Required Permissions

{
  "Version": "2012-10-17",
  "Statement": [
    {
      "Effect": "Allow",
      "Action": [
        "ec2:*",
        "rds:*",
        "es:*",
        "ecs:*",
        "elbv2:*",
        "cloudwatch:*",
        "logs:*",
        "s3:GetObject",
        "s3:PutObject",
        "s3:ListBucket"
      ],
      "Resource": "*",
      "Condition": {
        "StringLike": {
          "aws:RequestedRegion": ["YOUR-AWS-REGION", "YOUR-BACKUP-REGION"]
        }
      }
    }
  ]
}

Change Management

Change Request Process

  1. Planning Phase

    • Document proposed changes
    • Assess impact and risks
    • Schedule maintenance window
    • Notify stakeholders
  2. Testing Phase

    • Test changes in development environment
    • Validate rollback procedures
    • Review with team lead
  3. Implementation Phase

    • Execute during maintenance window
    • Monitor for issues
    • Validate successful deployment
    • Update documentation
  4. Post-Implementation

    • Confirm system stability
    • Update runbooks if needed
    • Conduct lessons learned review

Emergency Change Process

  1. Immediate Assessment (5 minutes)

    • Identify scope and urgency
    • Notify team lead and stakeholders
    • Document issue and proposed solution
  2. Rapid Implementation (15-30 minutes)
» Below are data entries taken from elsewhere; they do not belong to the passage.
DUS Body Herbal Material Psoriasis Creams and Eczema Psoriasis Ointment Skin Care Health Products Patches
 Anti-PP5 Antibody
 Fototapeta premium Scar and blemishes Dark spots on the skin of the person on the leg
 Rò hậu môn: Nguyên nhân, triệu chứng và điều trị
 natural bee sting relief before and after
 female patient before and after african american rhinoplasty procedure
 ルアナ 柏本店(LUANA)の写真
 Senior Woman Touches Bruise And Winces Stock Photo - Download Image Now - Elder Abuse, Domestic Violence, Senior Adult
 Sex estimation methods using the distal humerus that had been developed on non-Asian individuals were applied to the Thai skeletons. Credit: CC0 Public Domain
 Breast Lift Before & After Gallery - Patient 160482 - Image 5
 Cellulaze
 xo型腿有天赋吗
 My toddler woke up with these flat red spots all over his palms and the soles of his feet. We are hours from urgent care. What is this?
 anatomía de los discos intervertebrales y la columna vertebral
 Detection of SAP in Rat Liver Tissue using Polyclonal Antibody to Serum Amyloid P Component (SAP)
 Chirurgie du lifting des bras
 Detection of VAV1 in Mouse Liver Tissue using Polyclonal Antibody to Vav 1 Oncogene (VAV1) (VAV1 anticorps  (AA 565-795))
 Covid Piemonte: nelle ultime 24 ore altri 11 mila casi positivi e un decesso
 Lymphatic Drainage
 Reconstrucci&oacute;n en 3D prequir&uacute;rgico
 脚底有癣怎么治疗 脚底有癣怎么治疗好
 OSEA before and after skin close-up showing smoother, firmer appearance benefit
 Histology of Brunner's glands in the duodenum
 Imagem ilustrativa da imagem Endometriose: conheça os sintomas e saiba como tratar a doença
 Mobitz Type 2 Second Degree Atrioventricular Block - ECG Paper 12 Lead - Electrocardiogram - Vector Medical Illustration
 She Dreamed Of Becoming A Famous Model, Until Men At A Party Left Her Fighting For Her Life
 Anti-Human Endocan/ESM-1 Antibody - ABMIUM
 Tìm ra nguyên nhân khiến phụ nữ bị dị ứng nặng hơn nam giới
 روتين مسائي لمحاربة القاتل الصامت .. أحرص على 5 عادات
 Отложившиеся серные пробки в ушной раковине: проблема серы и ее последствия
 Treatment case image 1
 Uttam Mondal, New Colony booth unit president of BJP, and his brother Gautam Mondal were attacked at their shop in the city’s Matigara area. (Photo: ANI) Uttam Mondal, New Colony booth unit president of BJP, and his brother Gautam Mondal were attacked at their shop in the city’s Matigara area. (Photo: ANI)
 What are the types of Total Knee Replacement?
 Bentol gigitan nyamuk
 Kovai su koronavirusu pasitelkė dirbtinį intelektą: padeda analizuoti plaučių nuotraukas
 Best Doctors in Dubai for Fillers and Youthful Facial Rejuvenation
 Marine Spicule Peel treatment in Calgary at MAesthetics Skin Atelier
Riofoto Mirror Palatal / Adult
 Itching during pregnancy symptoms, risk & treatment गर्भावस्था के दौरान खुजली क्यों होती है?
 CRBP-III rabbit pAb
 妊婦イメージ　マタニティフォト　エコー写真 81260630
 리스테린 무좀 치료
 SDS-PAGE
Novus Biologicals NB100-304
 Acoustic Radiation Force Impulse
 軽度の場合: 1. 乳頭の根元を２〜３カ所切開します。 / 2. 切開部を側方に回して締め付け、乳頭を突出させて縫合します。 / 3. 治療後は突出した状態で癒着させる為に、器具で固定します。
    • Execute emergency change
    • Monitor system stability
    • Document actions taken
  3. Post-Emergency Review (within 24 hours)

    • Conduct root cause analysis
    • Update procedures to prevent recurrence
    • Schedule formal change if needed

This operations guide provides comprehensive procedures for cloud teams to successfully deploy, maintain, and scale the Quilt platform. Regular review and updates of these procedures ensure continued operational excellence.